The focus of this study is to achieve a novel low oil-water ratio invert emulsion using Jatropha oil and egg yolk as an emulsifier. Shale-fluid interaction and the economic viability of the mud were also evaluated. The findings from this study show that the low oil-water ratio invert emulsion is beneficial to reducing fluid loss for enhanced wellbore stability and the reduction of oil retention on cuttings, thereby reducing cost of disposal and environmental impact. The mud was formulated without a fluid loss additive, wetting agent, secondary emulsifier and the need for high water content, thereby savings could also be made in material costs.

The results from this experimental study demonstrated that the electrical stability of the mud emulsified by egg yolk at a test temperature of 48.9 and 120˚C for any variation, were 398 and 289V respectively. Comparatively, the mud emulsified with a standard emulsifier versacleanVB gave stability values of 201 and 188V thus indicating higher stability with the egg yolk. Moreover, the 50/50 oil-water ratio mud gave stability values of 353 and 258V hence, giving plastic viscosity of 36 cP, at the yield point of 17 Ib/100 ft2 and 30 minutes fluid loss of 6ml with filter cake of 1.7 mm. This resulted to 50% reduction in fluid loss over the conventional 70/30 oil-water ratio mud, which was emulsified with the standard emulsifier with stability values of 480 and 393V, plastic viscosity of 31cP, yield point of 17 Ib/100 ft2 and fluid loss of 12 ml with filter cake of 3.2 mm.

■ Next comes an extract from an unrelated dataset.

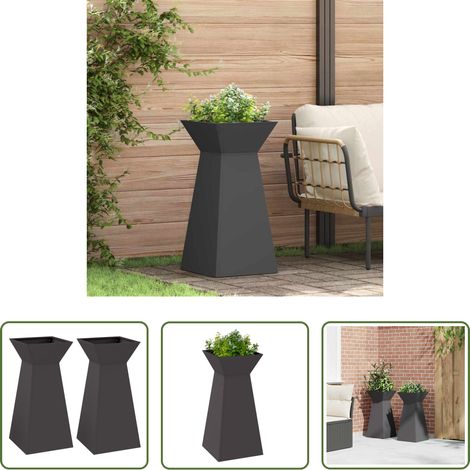 Gartenplanter - Säulen Pflanzer 2 pcs Schwarz 35 x 35 x 73 cm (1/5)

Using the X-Ray Computed Tomography (CT) Scanner, the shale-fluid interaction also showed a volume increase by 11 and 23% of the core sample when immersed into water based mud from one to 7 days respectively. The result indicates that a high interaction with the fluid are possible, thus leading to a non-stable condition compared to 0.88 and 2.53% obtained from diesel and jatropha oil based muds. There was negligible variation in the structure of the samples exposed to diesel and jatropha oil based muds, which further suggests the suitability of jatropha as diesel substitute.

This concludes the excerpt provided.